Review: Led Zeppelin’s ‘Complete BBC Sessions’ Offers Nine Unheard Jolts

Power and pleasure see-saw for more than three hours in the expanded Complete BBC Sessions. This is Zeppelin from 1969-1971, working through the core material of their first four albums (and taking swaggering side trips through blues and rockabilly classics). Nine newly unearthed songs – a full CD, including the never-before issued stomp “Sunshine Woman” – have been added to the 1997 release. The songs are familiar, but the protean variations of these renditions provide fresh jolts of Zeppelin’s audacious blend of brutality and delicacy, desperation and entitlement. Do you need five versions of “Communication Breakdown”? Before you answer, you may want to hear the two new ones here: a March 1969 version that starts off with ringing chords like the Who, and an April 1971 rundown that rages like early Black Flag.

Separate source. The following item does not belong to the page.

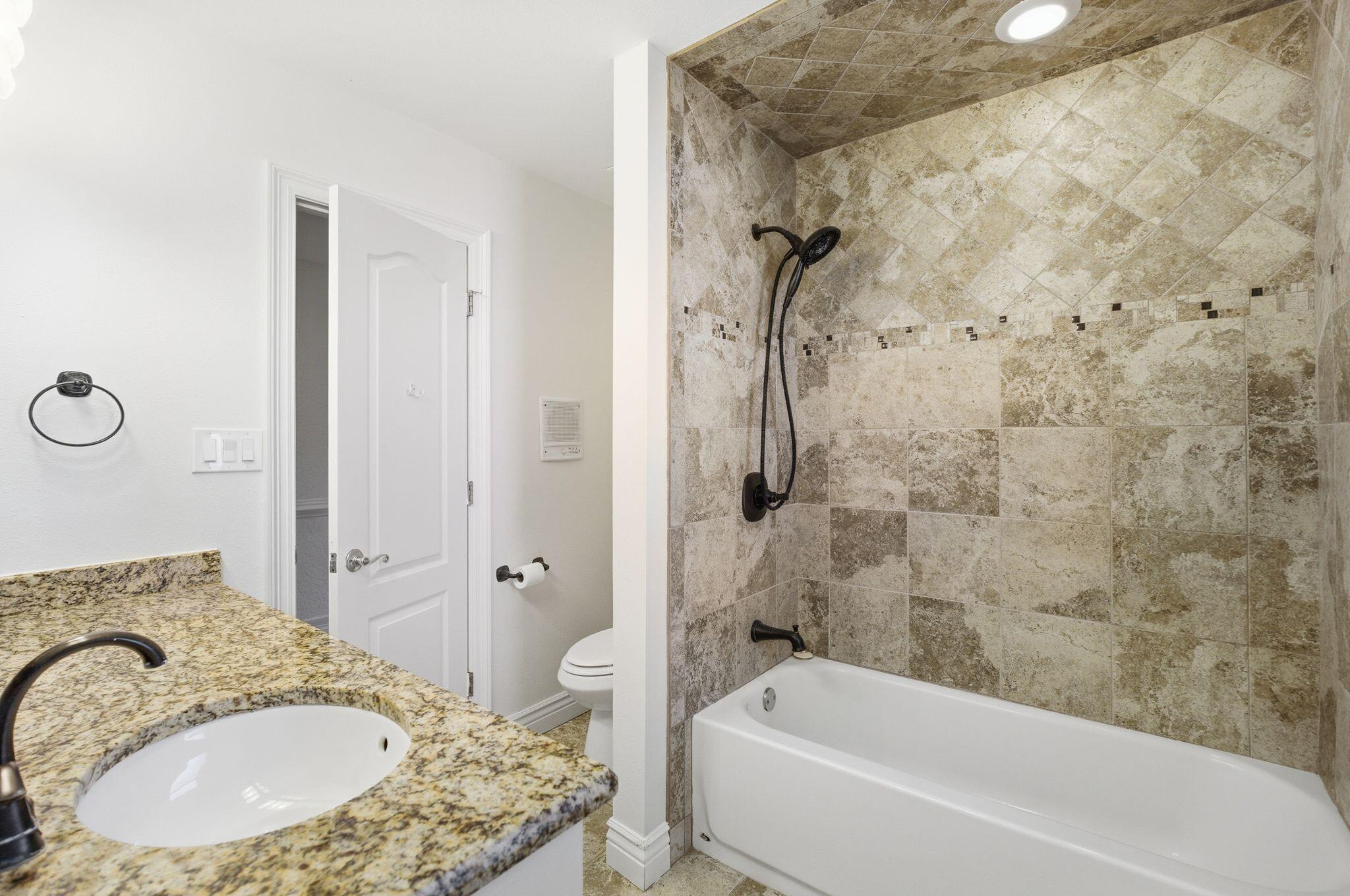 47 E Country Club Drive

Part of the fun is hearing Zeppelin play around with these songs to entertain themselves – tossing in an an elephant-funk snippet of the Isley Brothers’ “It’s Your Thing” to the end of a June 1969 take of “Communication Breakdown,” or Jimmy Page and Robert Plant engaging in an improvised erotic pas de deux across a jelly-filled “You Shook Me” that bumps and grinds on for more than 10 minutes. Live (or recorded with minimal overdubs), the band blends raw need and confidence, and Page’s race to match the rhythmic, melodic and cosmic breakthroughs of Jimi Hendrix has never seemed more clear than it does on these tapes. But Zeppelin, ultimately, were their own universe, and this is the sound of them willing into it glory, bit by bit.